* _Task statement_
An exact copy of the data is needed, one that excludes all pictures.

══ Data records

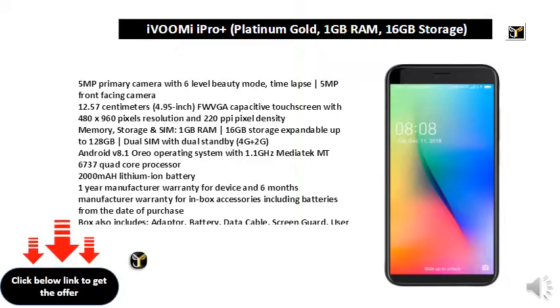Box also includes: adapter, battery, data cable, screen guard, user manual, and warranty card.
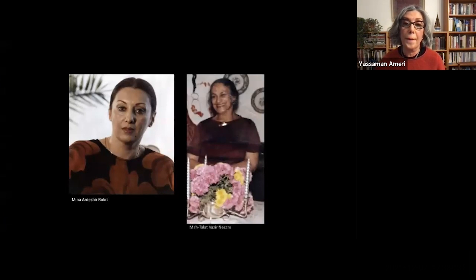My mother, Meena Ardashir Rukni, handed me this document and told me she found it in a stash of objects left behind by her mother-in-law Mahtal at the Wazir Nizam. She told me her mother-in-law had aspirations of becoming a journalist and a performer. Mahtalat also wrote poetry under the pen name Parna. She was a collector of unique objects and she left behind seven chests full of all sorts of items when she died in 1986. In giving me a gift from this collection, my mother said, you're a photographer, you might want to do something with this.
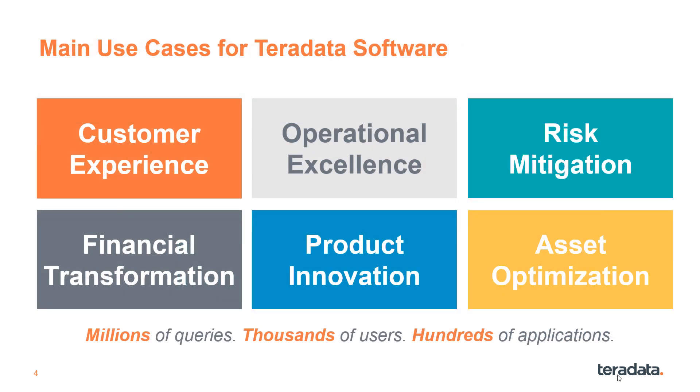The six main analytics use cases are shown here. What's special about these with Teradata is their scale — we're talking millions of queries an hour, thousands of concurrent users, and hundreds of applications. There's simply no other provider that can handle these query volumes and perform like Teradata does.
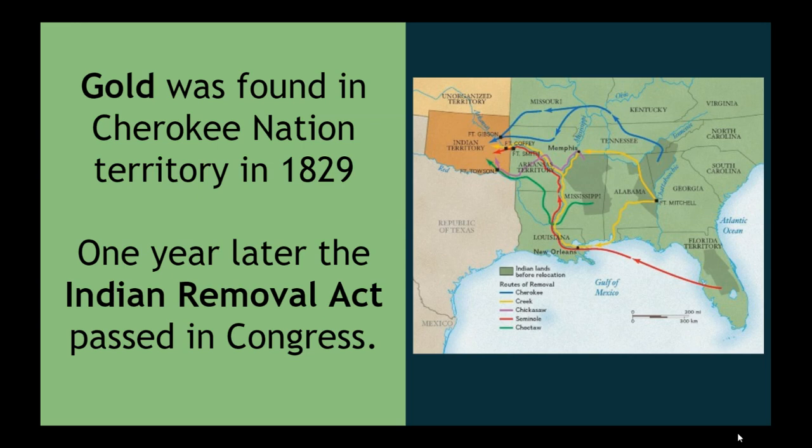According to this act, the tribes in the southeastern United States would be moved to land west of the Mississippi River. You can see from this map the dark green areas are Indian lands before they were relocated, and then you see the routes of their removal.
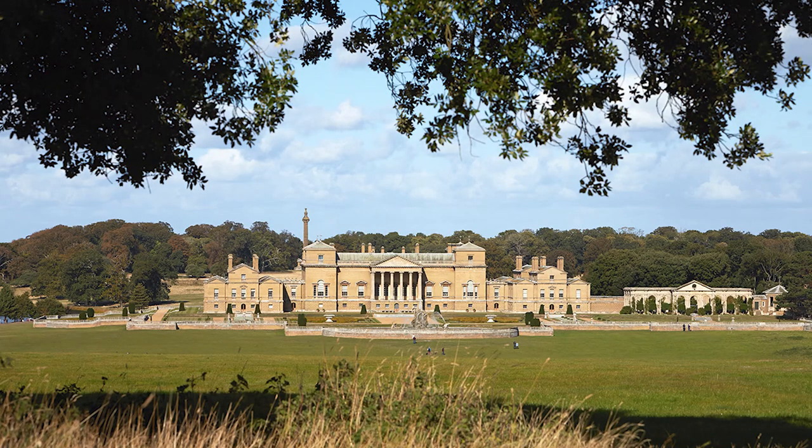Ta-da! And then you're led slightly away, led off to the left, and you see the hall slightly at an angle so you're beginning to see the full three-dimensional nature of it — the beautiful blocks of the wings and then the main hall itself.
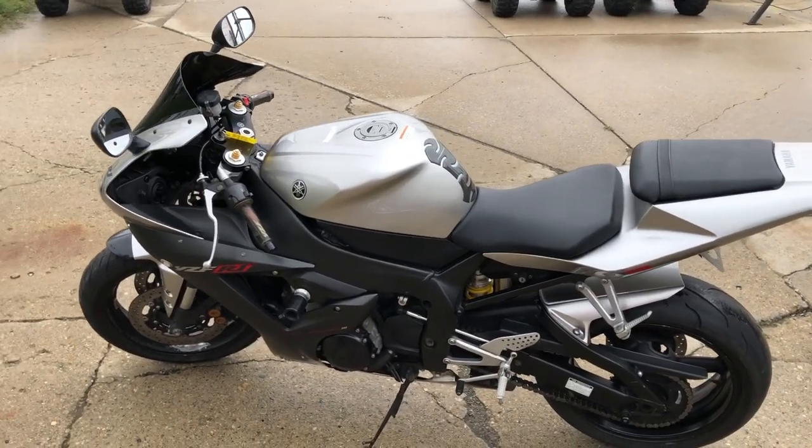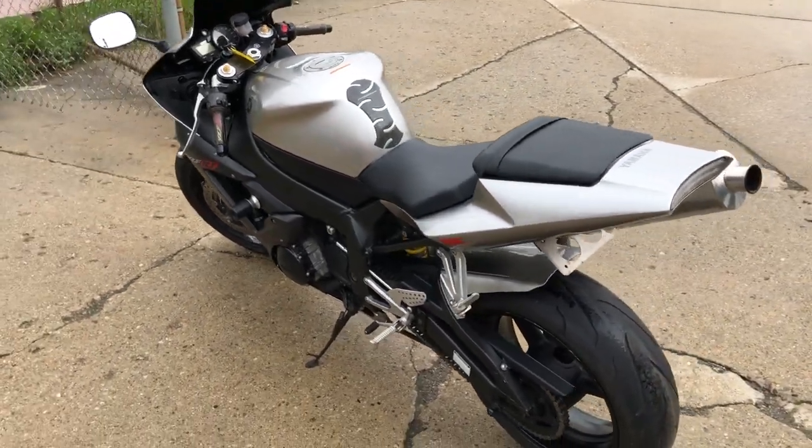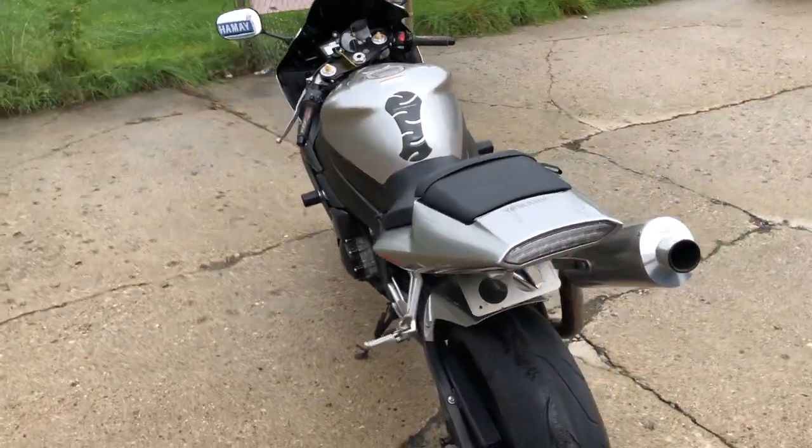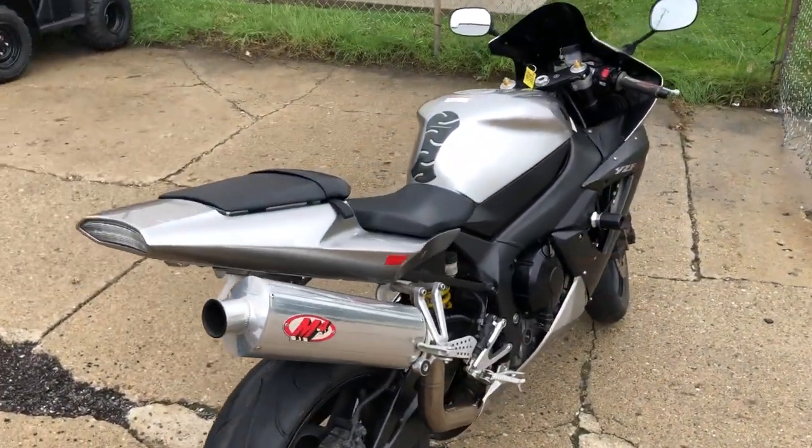Hey guys, approvalpowersports.com here doing some videos on some stuff that just came in. This one will not be here long — it's a 2003 R1 for sale, only 14,130 miles, super clean liquid silver paint.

════

* _Answer for this exercise_
Box also includes: adapter, battery, data cable, screen guard, user manual, and warranty card.
My mother, Meena Ardashir Rukni, handed me this document and told me she found it in a stash of objects left behind by her mother-in-law Mahtal at the Wazir Nizam. She told me her mother-in-law had aspirations of becoming a journalist and a performer. Mahtalat also wrote poetry under the pen name Parna. She was a collector of unique objects and she left behind seven chests full of all sorts of items when she died in 1986. In giving me a gift from this collection, my mother said, you're a photographer, you might want to do something with this.
The six main analytics use cases are shown here. What's special about these with Teradata is their scale — we're talking millions of queries an hour, thousands of concurrent users, and hundreds of applications. There's simply no other provider that can handle these query volumes and perform like Teradata does.
According to this act, the tribes in the southeastern United States would be moved to land west of the Mississippi River. You can see from this map the dark green areas are Indian lands before they were relocated, and then you see the routes of their removal.
Ta-da! And then you're led slightly away, led off to the left, and you see the hall slightly at an angle so you're beginning to see the full three-dimensional nature of it — the beautiful blocks of the wings and then the main hall itself.
Hey guys, approvalpowersports.com here doing some videos on some stuff that just came in. This one will not be here long — it's a 2003 R1 for sale, only 14,130 miles, super clean liquid silver paint.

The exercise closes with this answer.